The early campaigner blamed the religious right for his '96 primary loss. if you can't beat 'em ...

Time cover By John F. Dickerson

(TIME, October 20) -- Those close to Steve Forbes know only this about his spiritual life: he's an Episcopalian and attends St. John on the Mountain in Bernardsville, N.J. Perhaps you'd be circumspect about your faith too if your father had made you wear a kilt to Sunday services as a kid. "He hadn't given an awful lot of thought to these kinds of issues until he started running for President last year," says Forbes supporter Gordon Humphrey. Nor had Forbes spent much time communing with the more demonstrative branches of Protestantism. "As an Episcopalian, he never rubbed shoulders too much with Baptists and those who fall into the category of religious conservatives."

But as Forbes tries a second time for the Republican Party's presidential nomination, he is rubbing a lot of those shoulders. After he settled into a black Chevrolet Suburban last June for a drive with the Rev.

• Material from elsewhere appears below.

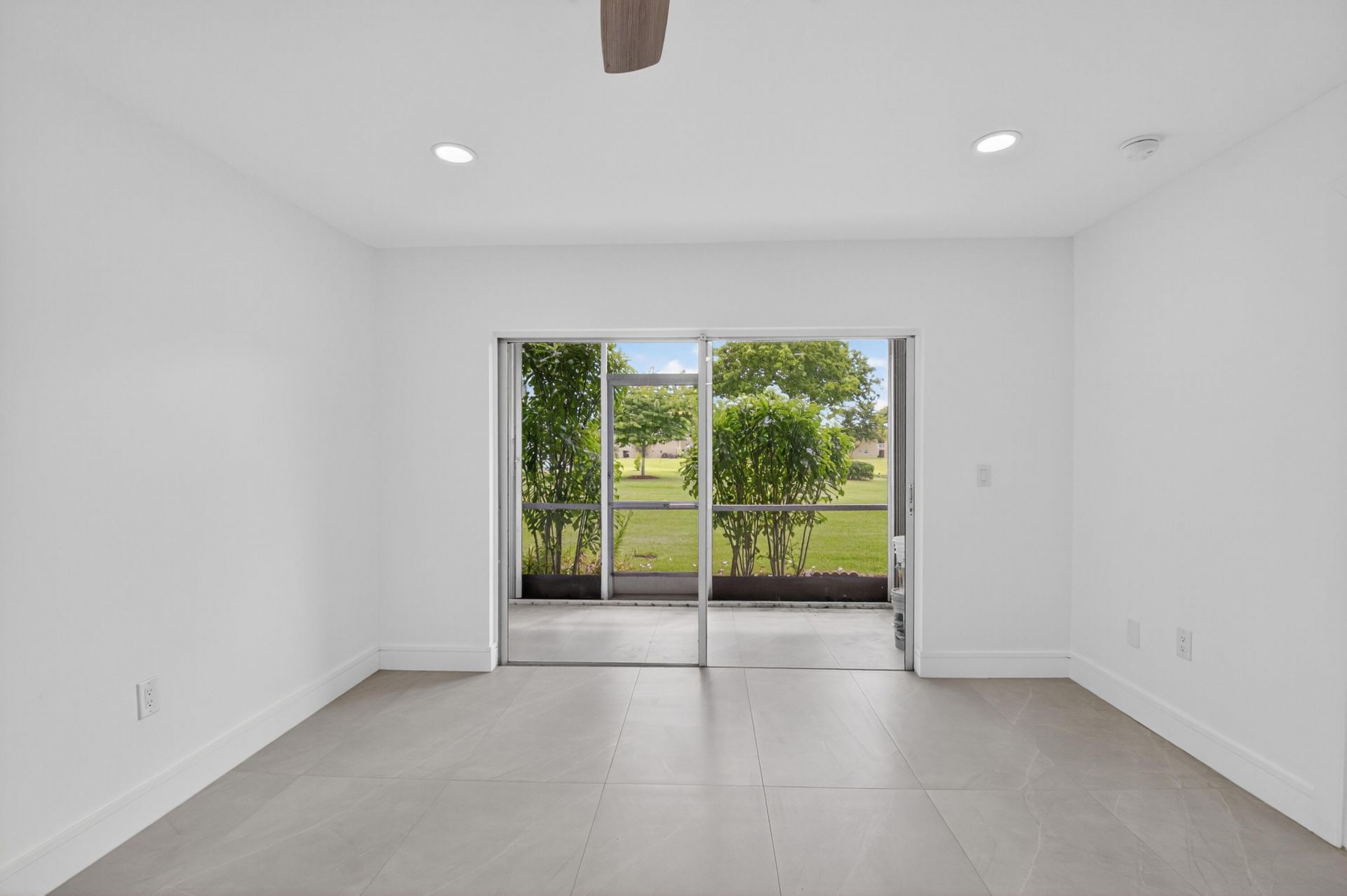 9880 Marina Boulevard, Unit 1509, Boca Raton, FL 33428 Photo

Louis Sheldon, the ultraconservative founder of the Traditional Values Coalition, Forbes endured an hour-long grilling. The preacher asked for Forbes' view about abortion (against), school choice (for), and the "homosexual-rights agenda" (against, but no harassment, please). "I was a doubter," says Sheldon. "The stereotype from the 1996 campaign was that Steve Forbes was clearly pro-choice and clearly libertarian." Sheldon emerged a believer. "By the time we got there," he recalls, "we were chatting away like two old cousins."

Since withdrawing from the presidential race 19 months ago, Forbes has been attempting to sell himself as a social conservative to religious leaders like Sheldon. That's no mean feat for a patrician publisher, but there are signs that the crusade is working. So adroitly has Forbes courted the religious right since last year's election that G.O.P. elders who once treated him as an amusing sideshow now talk of him as a comer to watch in the early stages of the 2000 campaign. "No one is laughing now," says Republican Congressman Bill Paxon.

Forbes' wooing of religious conservatives is, above all, a reaction to the failure of his last campaign. After an early spurt in last year's Republican primaries, Forbes was forced out of the race in part because he was indifferent to the party's powerful Christian Coalition wing. At one point, remembered by campaign chairman Malcolm Wallop as "that big catastrophe in Iowa," Forbes took off after the organization for falsely painting him as pro-abortion rights. "The Christian Coalition does not speak for most Christians," he said.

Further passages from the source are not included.